• RAW DATA:

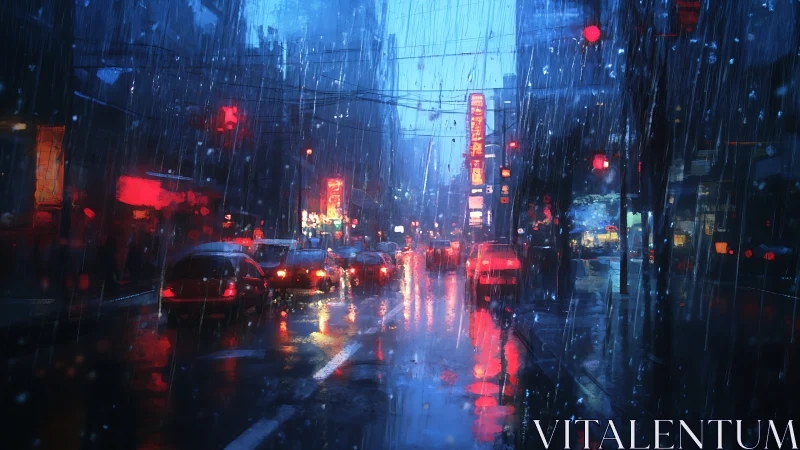 Neon city street glows through dense nocturnal rainfall.
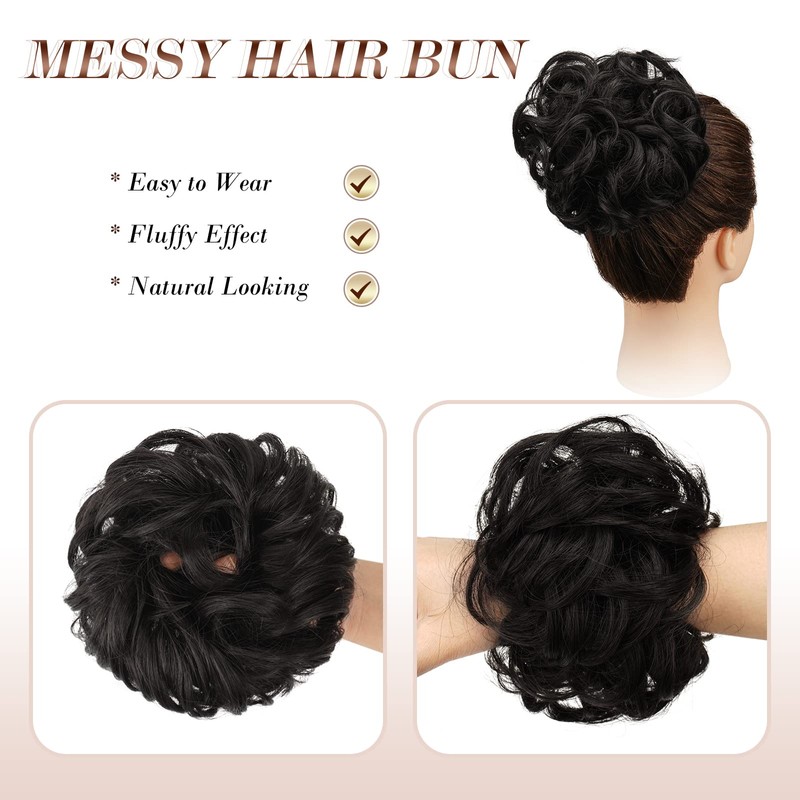 FESHFEN Messy Bun Hair Pieces - Large Wavy Curly Elastic
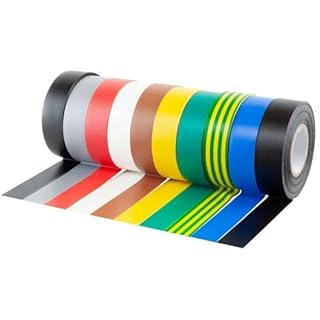 Gocableties 10 Rolls Multi Pack of PVC Electrical Insulation Tape, 20m x 19mm, Premium Multi-colour Mixed 10 Rolls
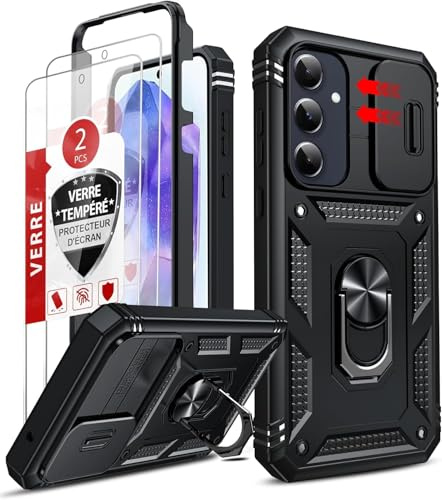LeYi Hülle für Samsung Galaxy A55 5G Kameraschutz mit 2 Hartglas Schutzfolie, Hybrid Metall Ring Ständer Cover Case Kamera Schiebeabdeckung, Militärgrad Schutzhülle Schwarz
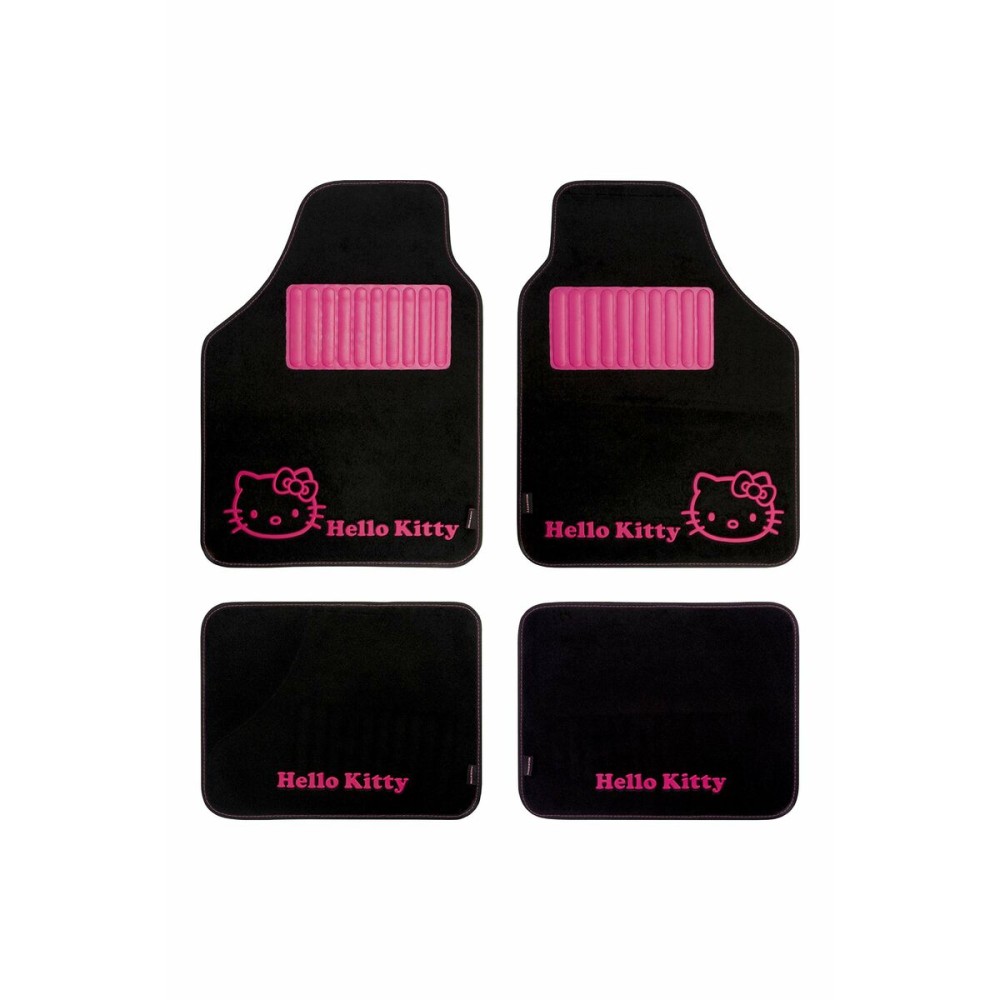 Set de tapis de voitures Hello Kitty Noir Rose (4 pcs)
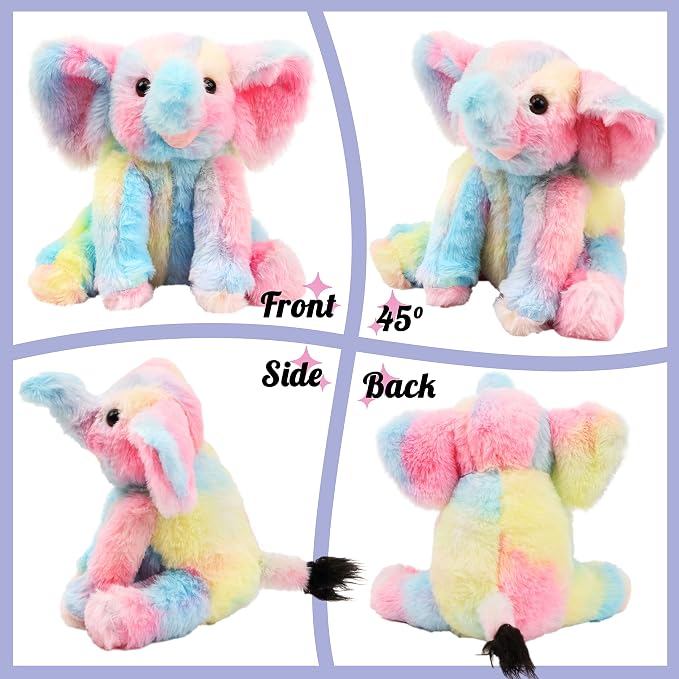 Hopearl Adorable Plush Calf Elephant Toy Floppy Elephish Ultra Soft Haggable Stuffed Animal Holiday Birthday Gift for Boys Girls Kids Toddlers, Rainbow, 9''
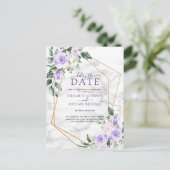 Lila lavender Gold geometric Delay The Date Aankondigingskaart (Staand voorkant)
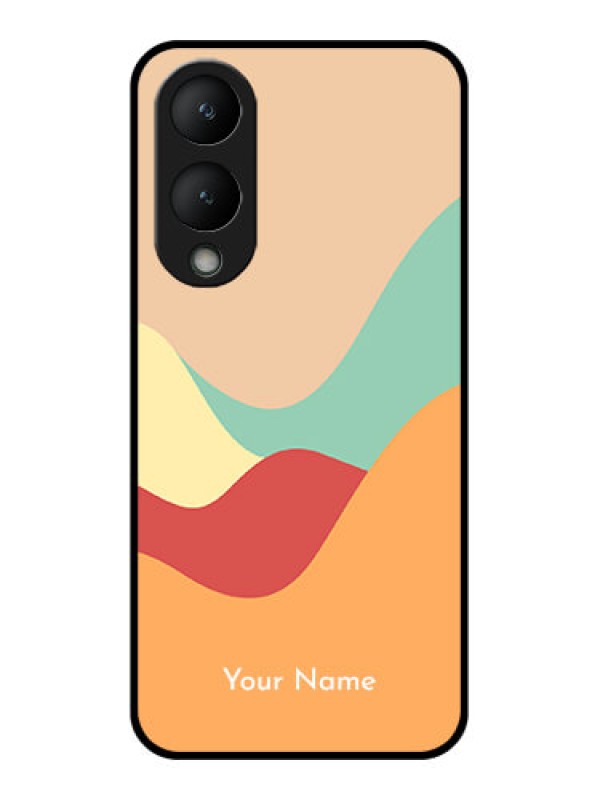 Custom Vivo Y17s Custom Glass Phone Case - Ocean Waves Multi - Colour Design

• TASK PROMPT:
Go back to the listing above and write out the lines starting at the one with "LeYi Hülle für" and ending at the one with "Set de tapis", inclusive, exactly and without pictures.

• EXPECTED ANSWER:
LeYi Hülle für Samsung Galaxy A55 5G Kameraschutz mit 2 Hartglas Schutzfolie, Hybrid Metall Ring Ständer Cover Case Kamera Schiebeabdeckung, Militärgrad Schutzhülle Schwarz
 Set de tapis de voitures Hello Kitty Noir Rose (4 pcs)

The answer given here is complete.